# SOURCE RECORDS
--- START ---

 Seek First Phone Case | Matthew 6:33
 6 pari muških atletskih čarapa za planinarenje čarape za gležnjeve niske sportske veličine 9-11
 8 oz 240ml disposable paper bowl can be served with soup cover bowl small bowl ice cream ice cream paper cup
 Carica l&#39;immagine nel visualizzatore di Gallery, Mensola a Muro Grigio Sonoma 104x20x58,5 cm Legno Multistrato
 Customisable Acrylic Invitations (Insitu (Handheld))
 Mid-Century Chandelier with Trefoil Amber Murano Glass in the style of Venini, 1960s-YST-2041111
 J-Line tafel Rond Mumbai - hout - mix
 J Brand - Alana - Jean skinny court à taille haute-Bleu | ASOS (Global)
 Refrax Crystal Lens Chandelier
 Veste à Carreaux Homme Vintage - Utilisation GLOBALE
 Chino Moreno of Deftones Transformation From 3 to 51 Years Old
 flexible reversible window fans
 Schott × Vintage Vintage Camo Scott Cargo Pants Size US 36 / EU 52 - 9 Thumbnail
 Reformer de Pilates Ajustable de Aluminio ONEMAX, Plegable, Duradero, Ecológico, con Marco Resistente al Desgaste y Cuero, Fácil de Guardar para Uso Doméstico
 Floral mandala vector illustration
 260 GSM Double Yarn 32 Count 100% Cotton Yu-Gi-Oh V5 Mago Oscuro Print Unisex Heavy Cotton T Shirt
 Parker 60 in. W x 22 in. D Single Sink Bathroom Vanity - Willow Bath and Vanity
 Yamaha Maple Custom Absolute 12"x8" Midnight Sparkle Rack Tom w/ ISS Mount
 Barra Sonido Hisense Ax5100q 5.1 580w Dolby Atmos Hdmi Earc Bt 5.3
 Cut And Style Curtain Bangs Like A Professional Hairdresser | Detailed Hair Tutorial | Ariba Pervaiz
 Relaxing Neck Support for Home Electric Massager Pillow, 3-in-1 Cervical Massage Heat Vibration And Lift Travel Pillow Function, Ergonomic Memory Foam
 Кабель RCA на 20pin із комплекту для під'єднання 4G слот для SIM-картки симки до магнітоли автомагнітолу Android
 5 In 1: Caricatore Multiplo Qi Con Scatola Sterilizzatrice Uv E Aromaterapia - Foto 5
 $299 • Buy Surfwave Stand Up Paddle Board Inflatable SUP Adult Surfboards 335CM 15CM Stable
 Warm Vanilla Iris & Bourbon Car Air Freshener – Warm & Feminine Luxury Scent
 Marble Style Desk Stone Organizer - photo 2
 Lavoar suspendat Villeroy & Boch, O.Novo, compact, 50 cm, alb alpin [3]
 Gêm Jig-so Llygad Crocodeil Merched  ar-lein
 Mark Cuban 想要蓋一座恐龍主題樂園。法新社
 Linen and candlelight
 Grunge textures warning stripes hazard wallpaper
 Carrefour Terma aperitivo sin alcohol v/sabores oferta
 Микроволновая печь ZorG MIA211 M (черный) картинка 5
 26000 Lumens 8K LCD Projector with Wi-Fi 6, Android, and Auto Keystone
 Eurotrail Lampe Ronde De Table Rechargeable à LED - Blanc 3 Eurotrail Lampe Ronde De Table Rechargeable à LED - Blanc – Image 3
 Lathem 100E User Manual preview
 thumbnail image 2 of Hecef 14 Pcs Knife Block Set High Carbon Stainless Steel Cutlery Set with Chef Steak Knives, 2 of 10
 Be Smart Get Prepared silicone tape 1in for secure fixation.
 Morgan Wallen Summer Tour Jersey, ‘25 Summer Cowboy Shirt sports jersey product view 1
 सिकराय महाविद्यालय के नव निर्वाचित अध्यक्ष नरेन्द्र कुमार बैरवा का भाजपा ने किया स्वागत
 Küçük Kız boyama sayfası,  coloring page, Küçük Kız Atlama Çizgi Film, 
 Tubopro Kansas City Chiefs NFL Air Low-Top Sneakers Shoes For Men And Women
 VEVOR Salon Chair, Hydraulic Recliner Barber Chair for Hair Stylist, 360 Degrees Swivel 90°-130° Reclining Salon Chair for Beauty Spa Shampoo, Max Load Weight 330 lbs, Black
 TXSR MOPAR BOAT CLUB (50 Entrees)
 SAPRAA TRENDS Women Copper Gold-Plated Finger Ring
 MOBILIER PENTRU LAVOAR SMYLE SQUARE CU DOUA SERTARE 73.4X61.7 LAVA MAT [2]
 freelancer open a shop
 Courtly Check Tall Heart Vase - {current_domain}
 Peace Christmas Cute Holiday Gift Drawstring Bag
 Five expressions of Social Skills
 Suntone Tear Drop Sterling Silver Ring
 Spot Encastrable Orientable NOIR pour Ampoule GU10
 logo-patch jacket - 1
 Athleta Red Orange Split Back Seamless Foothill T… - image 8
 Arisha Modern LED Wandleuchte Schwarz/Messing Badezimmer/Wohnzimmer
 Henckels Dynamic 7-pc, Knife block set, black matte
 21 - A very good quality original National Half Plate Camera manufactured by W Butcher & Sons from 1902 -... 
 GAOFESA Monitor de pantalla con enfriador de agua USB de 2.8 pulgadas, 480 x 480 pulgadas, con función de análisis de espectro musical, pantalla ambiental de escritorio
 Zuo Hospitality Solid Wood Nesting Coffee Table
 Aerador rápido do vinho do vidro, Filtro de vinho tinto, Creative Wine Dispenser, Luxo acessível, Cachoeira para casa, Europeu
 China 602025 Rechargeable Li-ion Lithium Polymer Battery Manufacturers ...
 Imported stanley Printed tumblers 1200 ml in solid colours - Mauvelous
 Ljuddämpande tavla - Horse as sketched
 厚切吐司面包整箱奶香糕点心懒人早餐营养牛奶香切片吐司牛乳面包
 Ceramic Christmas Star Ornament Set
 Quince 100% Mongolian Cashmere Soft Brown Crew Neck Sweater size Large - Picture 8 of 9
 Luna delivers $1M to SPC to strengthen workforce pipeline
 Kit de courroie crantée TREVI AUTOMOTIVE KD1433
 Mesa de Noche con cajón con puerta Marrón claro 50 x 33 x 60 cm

--- END ---

# WORK ORDER
Retype all of the material exactly as it stands above.

# ANSWER TO THIS TASK
 Seek First Phone Case | Matthew 6:33
 6 pari muških atletskih čarapa za planinarenje čarape za gležnjeve niske sportske veličine 9-11
 8 oz 240ml disposable paper bowl can be served with soup cover bowl small bowl ice cream ice cream paper cup
 Carica l&#39;immagine nel visualizzatore di Gallery, Mensola a Muro Grigio Sonoma 104x20x58,5 cm Legno Multistrato
 Customisable Acrylic Invitations (Insitu (Handheld))
 Mid-Century Chandelier with Trefoil Amber Murano Glass in the style of Venini, 1960s-YST-2041111
 J-Line tafel Rond Mumbai - hout - mix
 J Brand - Alana - Jean skinny court à taille haute-Bleu | ASOS (Global)
 Refrax Crystal Lens Chandelier
 Veste à Carreaux Homme Vintage - Utilisation GLOBALE
 Chino Moreno of Deftones Transformation From 3 to 51 Years Old
 flexible reversible window fans
 Schott × Vintage Vintage Camo Scott Cargo Pants Size US 36 / EU 52 - 9 Thumbnail
 Reformer de Pilates Ajustable de Aluminio ONEMAX, Plegable, Duradero, Ecológico, con Marco Resistente al Desgaste y Cuero, Fácil de Guardar para Uso Doméstico
 Floral mandala vector illustration
 260 GSM Double Yarn 32 Count 100% Cotton Yu-Gi-Oh V5 Mago Oscuro Print Unisex Heavy Cotton T Shirt
 Parker 60 in. W x 22 in. D Single Sink Bathroom Vanity - Willow Bath and Vanity
 Yamaha Maple Custom Absolute 12"x8" Midnight Sparkle Rack Tom w/ ISS Mount
 Barra Sonido Hisense Ax5100q 5.1 580w Dolby Atmos Hdmi Earc Bt 5.3
 Cut And Style Curtain Bangs Like A Professional Hairdresser | Detailed Hair Tutorial | Ariba Pervaiz
 Relaxing Neck Support for Home Electric Massager Pillow, 3-in-1 Cervical Massage Heat Vibration And Lift Travel Pillow Function, Ergonomic Memory Foam
 Кабель RCA на 20pin із комплекту для під'єднання 4G слот для SIM-картки симки до магнітоли автомагнітолу Android
 5 In 1: Caricatore Multiplo Qi Con Scatola Sterilizzatrice Uv E Aromaterapia - Foto 5
 $299 • Buy Surfwave Stand Up Paddle Board Inflatable SUP Adult Surfboards 335CM 15CM Stable
 Warm Vanilla Iris & Bourbon Car Air Freshener – Warm & Feminine Luxury Scent
 Marble Style Desk Stone Organizer - photo 2
 Lavoar suspendat Villeroy & Boch, O.Novo, compact, 50 cm, alb alpin [3]
 Gêm Jig-so Llygad Crocodeil Merched  ar-lein
 Mark Cuban 想要蓋一座恐龍主題樂園。法新社
 Linen and candlelight
 Grunge textures warning stripes hazard wallpaper
 Carrefour Terma aperitivo sin alcohol v/sabores oferta
 Микроволновая печь ZorG MIA211 M (черный) картинка 5
 26000 Lumens 8K LCD Projector with Wi-Fi 6, Android, and Auto Keystone
 Eurotrail Lampe Ronde De Table Rechargeable à LED - Blanc 3 Eurotrail Lampe Ronde De Table Rechargeable à LED - Blanc – Image 3
 Lathem 100E User Manual preview
 thumbnail image 2 of Hecef 14 Pcs Knife Block Set High Carbon Stainless Steel Cutlery Set with Chef Steak Knives, 2 of 10
 Be Smart Get Prepared silicone tape 1in for secure fixation.
 Morgan Wallen Summer Tour Jersey, ‘25 Summer Cowboy Shirt sports jersey product view 1
 सिकराय महाविद्यालय के नव निर्वाचित अध्यक्ष नरेन्द्र कुमार बैरवा का भाजपा ने किया स्वागत
 Küçük Kız boyama sayfası,  coloring page, Küçük Kız Atlama Çizgi Film, 
 Tubopro Kansas City Chiefs NFL Air Low-Top Sneakers Shoes For Men And Women
 VEVOR Salon Chair, Hydraulic Recliner Barber Chair for Hair Stylist, 360 Degrees Swivel 90°-130° Reclining Salon Chair for Beauty Spa Shampoo, Max Load Weight 330 lbs, Black
 TXSR MOPAR BOAT CLUB (50 Entrees)
 SAPRAA TRENDS Women Copper Gold-Plated Finger Ring
 MOBILIER PENTRU LAVOAR SMYLE SQUARE CU DOUA SERTARE 73.4X61.7 LAVA MAT [2]
 freelancer open a shop
 Courtly Check Tall Heart Vase - {current_domain}
 Peace Christmas Cute Holiday Gift Drawstring Bag
 Five expressions of Social Skills
 Suntone Tear Drop Sterling Silver Ring
 Spot Encastrable Orientable NOIR pour Ampoule GU10
 logo-patch jacket - 1
 Athleta Red Orange Split Back Seamless Foothill T… - image 8
 Arisha Modern LED Wandleuchte Schwarz/Messing Badezimmer/Wohnzimmer
 Henckels Dynamic 7-pc, Knife block set, black matte
 21 - A very good quality original National Half Plate Camera manufactured by W Butcher & Sons from 1902 -... 
 GAOFESA Monitor de pantalla con enfriador de agua USB de 2.8 pulgadas, 480 x 480 pulgadas, con función de análisis de espectro musical, pantalla ambiental de escritorio
 Zuo Hospitality Solid Wood Nesting Coffee Table
 Aerador rápido do vinho do vidro, Filtro de vinho tinto, Creative Wine Dispenser, Luxo acessível, Cachoeira para casa, Europeu
 China 602025 Rechargeable Li-ion Lithium Polymer Battery Manufacturers ...
 Imported stanley Printed tumblers 1200 ml in solid colours - Mauvelous
 Ljuddämpande tavla - Horse as sketched
 厚切吐司面包整箱奶香糕点心懒人早餐营养牛奶香切片吐司牛乳面包
 Ceramic Christmas Star Ornament Set
 Quince 100% Mongolian Cashmere Soft Brown Crew Neck Sweater size Large - Picture 8 of 9
 Luna delivers $1M to SPC to strengthen workforce pipeline
 Kit de courroie crantée TREVI AUTOMOTIVE KD1433
 Mesa de Noche con cajón con puerta Marrón claro 50 x 33 x 60 cm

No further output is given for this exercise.